5. Most respected companies in open source. This year we asked respondents to list which companies they respected for their open source contribution and participation.  This was a write-in question so respondents could write-in multiple company names and were not picking from a list.

The top 3 most respected companies for their open source contributions and participation are Google, RedHat/JBoss and IBM. Congratulations to all 3 companies, a well deserved recognition for the support they provide to the open source community.

6. Adoption of new Eclipse releases. For the first time this year there was a noticeable decrease in the adoption of the latest Eclipse release, Eclipse 4.2. In past survey results, 75%+ of the respondents would report they were using the most recent release of Eclipse, for example in 2012 76.9% were using Eclipse 3.7 (Indigo). This year only 56% reported to be using Eclipse 4.2 (Juno) and an additional 12.9% using Eclipse 3.8.  The slow down in adoption is most likely the result of the performance issues found in Eclipse 4.2.

At the same time, there was a significant drop in the overall satisfaction with Eclipse. Respondents indicating they were very satisfied or satisfied dropped from 90% in 2012 to 81% in 2013.  Not very good news and hopefully something that will be addressed as the Eclipse 4.x platform continues to mature.

 

Thank you to everyone that participated in the survey. We certainly appreciate you taking the time to provide your feedback.

5 thoughts on “Eclipse Community Survey Results for 2013

  1. “a lot of education and evangelism needed to change developer’s perception of web-based IDEs”

    No, please. Don’t take that path. That kind of attitude will just ensure the demise of the platform. It’s happened before with other products, can’t think of any specific examples right now, but it’s generally better to make a product that people need and want, rather than spend years perplexed trying to convince them they need something they don’t. Listen to your userbase.

    Eclipse 3.1-3.6 was great! Eclipse 3.7 didn’t really add much but it was good. Then everything went to shit. Years later and look at 4.2. Provides no extra benefit to v3, but is slower and has a significantly worse UI. I’ve tried it a few times and I always uninstall it within a few days.

    Look at Intellij IDEA for what Eclipse should be doing right. They have so many more features and that’s what developers want. It’s so sad that JDT et al stopped innovating years back. I really like the feel of Eclipse 3.x and its responsiveness but the feature set has stagnated… and from my perspective the Eclipse guys continue to spend years working on web IDE that no one cares about.
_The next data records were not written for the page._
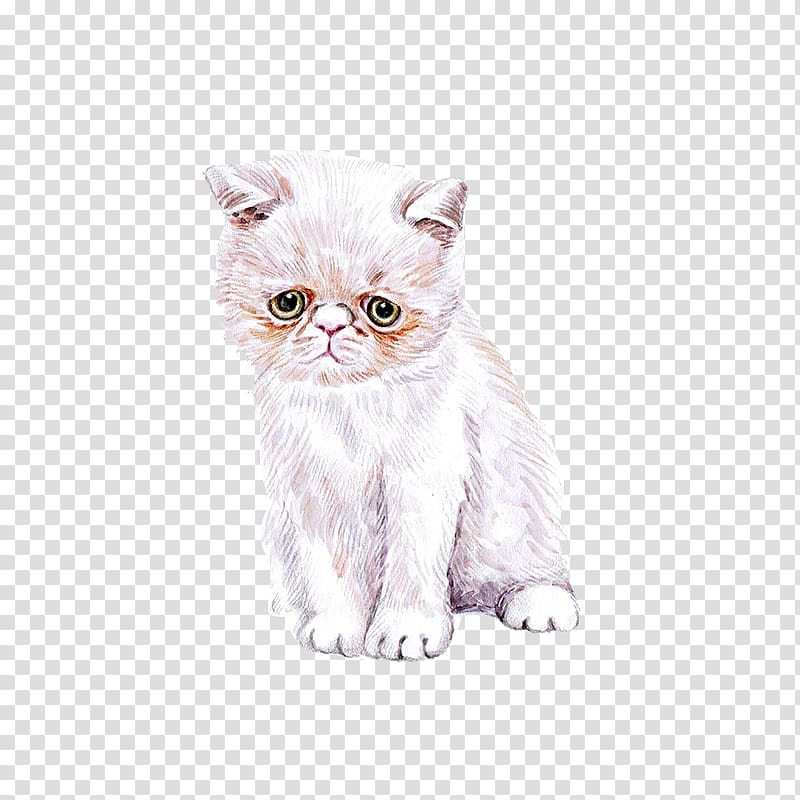 Cat Kitten Watercolor painting Cuteness, Hand painted watercolor cute cat transparent background PNG clipart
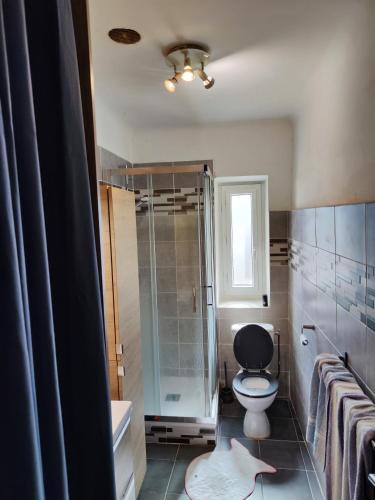 a bathroom with a toilet and a glass shower at Chambre privée Place Garibaldi nice in Nice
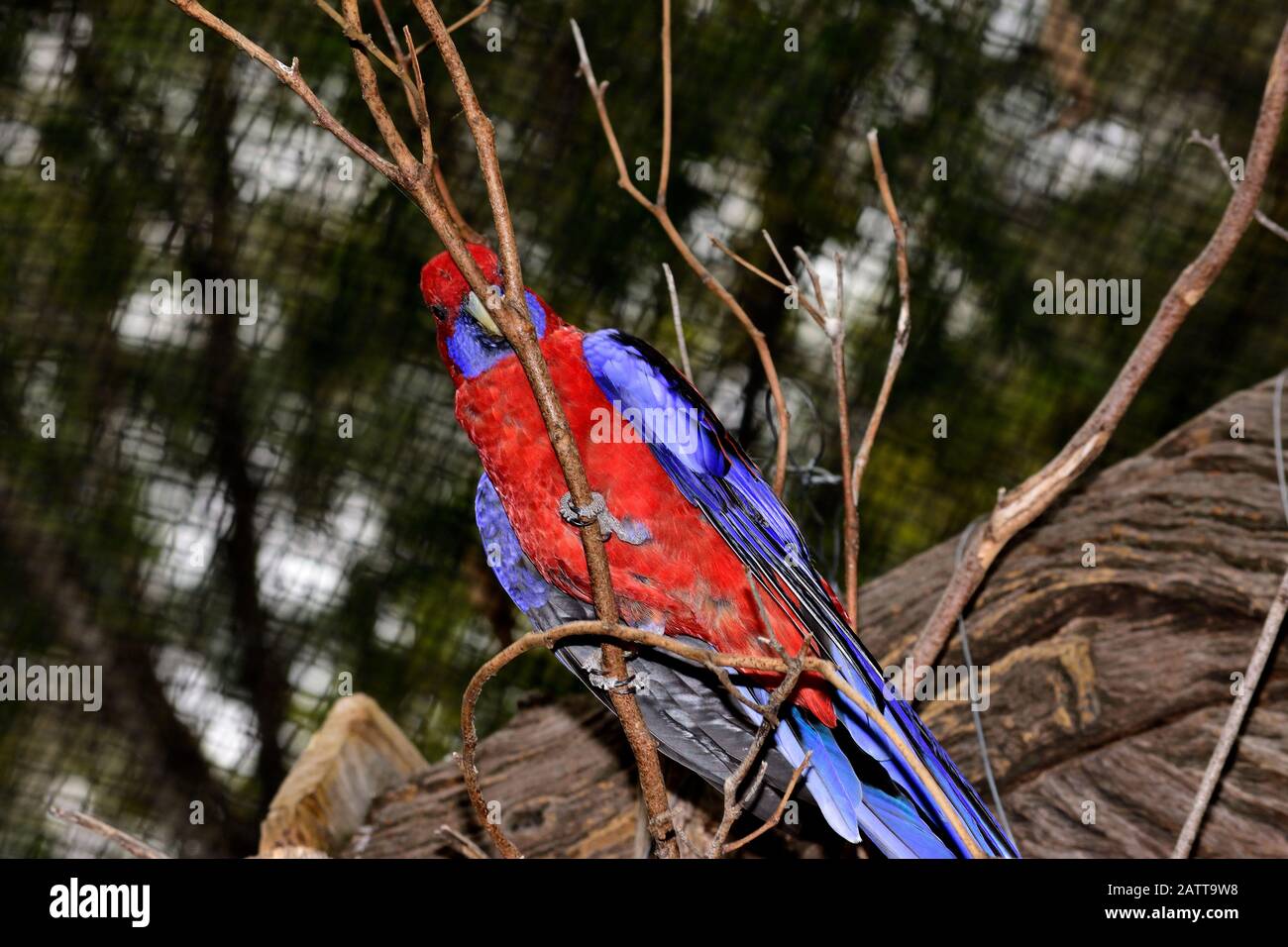 Crimson rosella Foto Stock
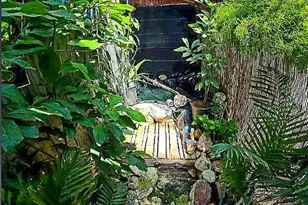 2233 Baywood Way, Willits, CA 95490 - Photo 3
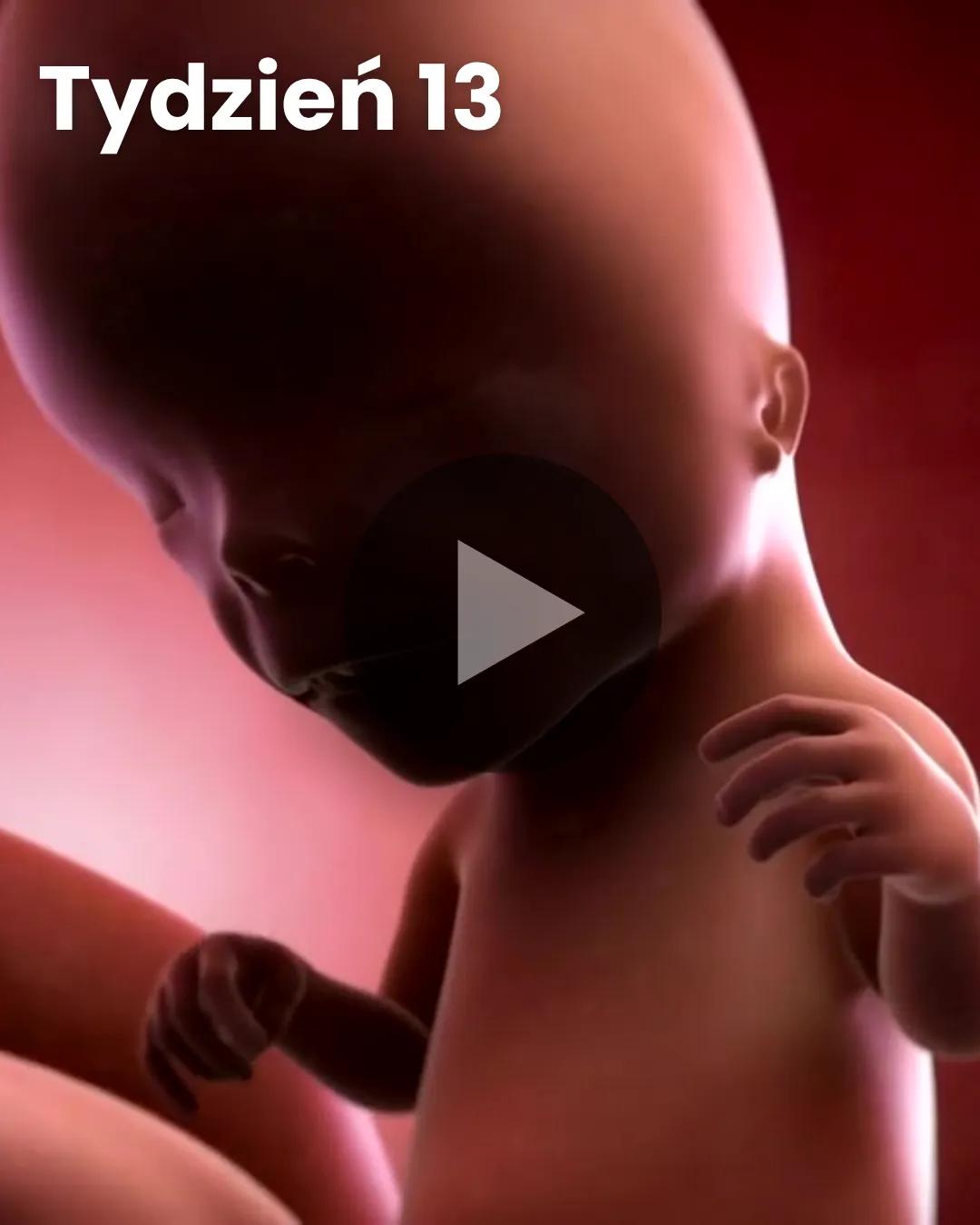 Wideo 3D dziecka: Tydzień 13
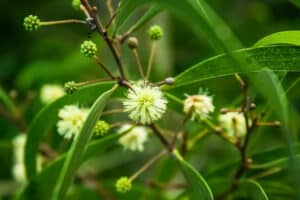 Acacia koaia Tree Flowers in Hawaii.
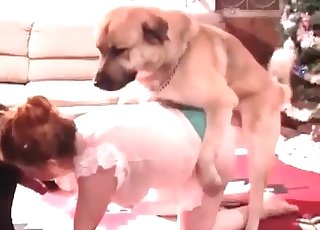 Awesome dogs are drilling her cracks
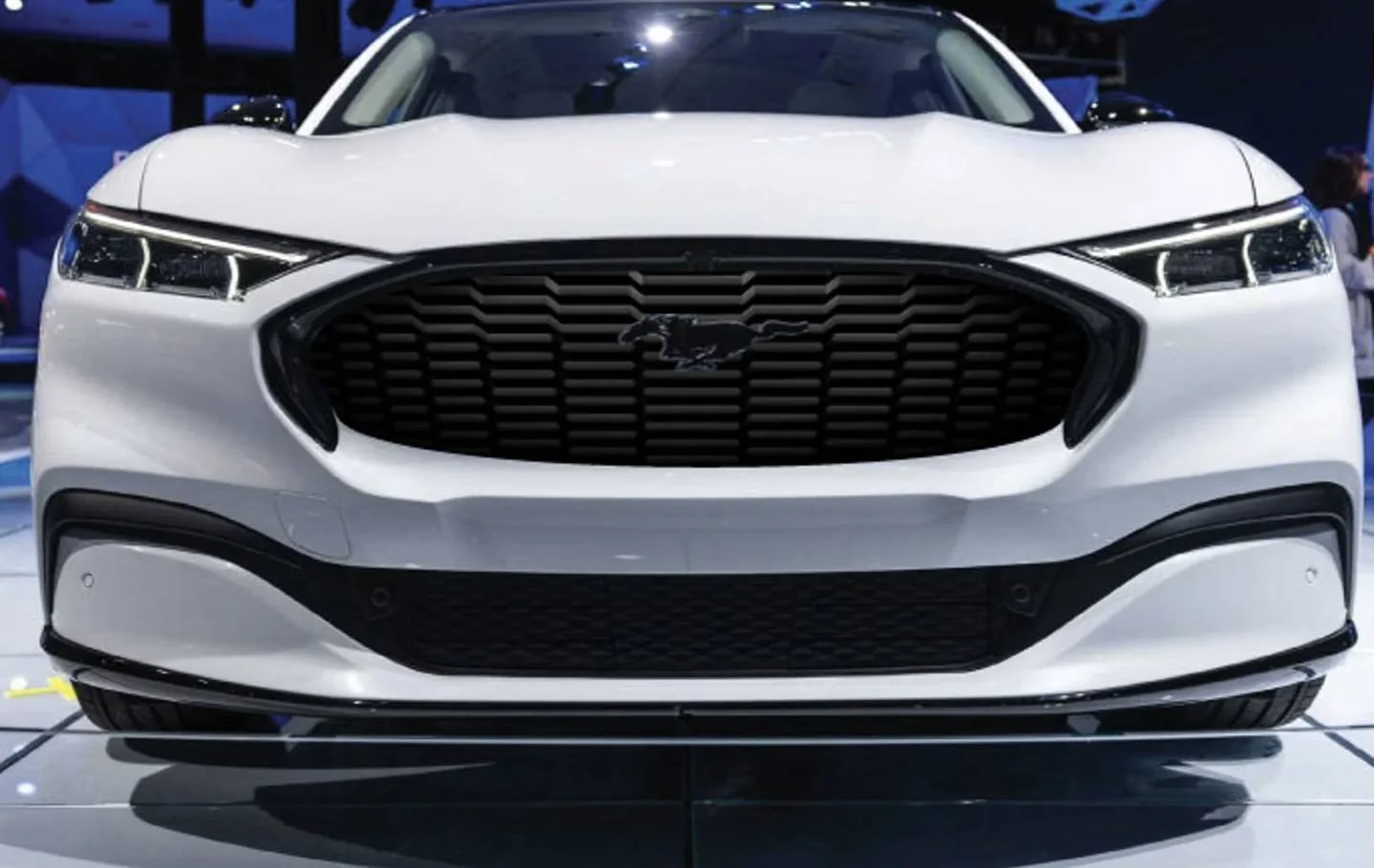 Ford Mustang Mach-E Grill wrap/overlay IMG_0662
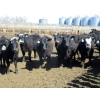 Image 1 : GDS Enterprises Ltd. - 23 Black/BBF Replacement Heifers (Burstall, SK)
    1. I can not agree more. I especially doubt that there is any value in web-based IDE for Modelling, Embedded, M2M, Desktop and C/C++ folks, who seem to be a substantial part of Eclipse community. However, as far as I know The Eclipse Foundation is only an umbrella organization, and it is not responsible for resource allocation, so more activity in Orion is its own achievement. In any case I would rather focus on attracting more contribution to the Platform and JDT projects, because everything else in Eclipse is either built on top of the Platform or with JDT or both.

      I do not think that 4.2 UI is unusably ugly, but I usually install Jeeeyul Eclipse Themes (https://github.com/jeeeyul/eclipse-themes) to make it more pretty.

      The problems with JDT, as I see it, are in the number of contributors, scope of the work and age of the codebase. Core committers group is small but for historical reasons they have to not only support tooling but also standalone full-featured Java compiler. While Java was stale under Sun there were time to innovate on the tooling side, but after acquisition by Oracle which led to more regular releases of Java most of the work in JDT project is focused on keeping up with new Java Releases. External contributions are almost down to zero, and even those are not always accepted because committers are busy implementing Java 8 (or Java 9 in the future, I predict) https://bugs.eclipse.org/bugs/show_bug.cgi?id=303519 . Only JDT UI keep their site more or less up-to-date. On top of all of that code base is 12 or so years old. In places where I looked it is quite ugly, with classes spanning thousands lines and methods – hundreds.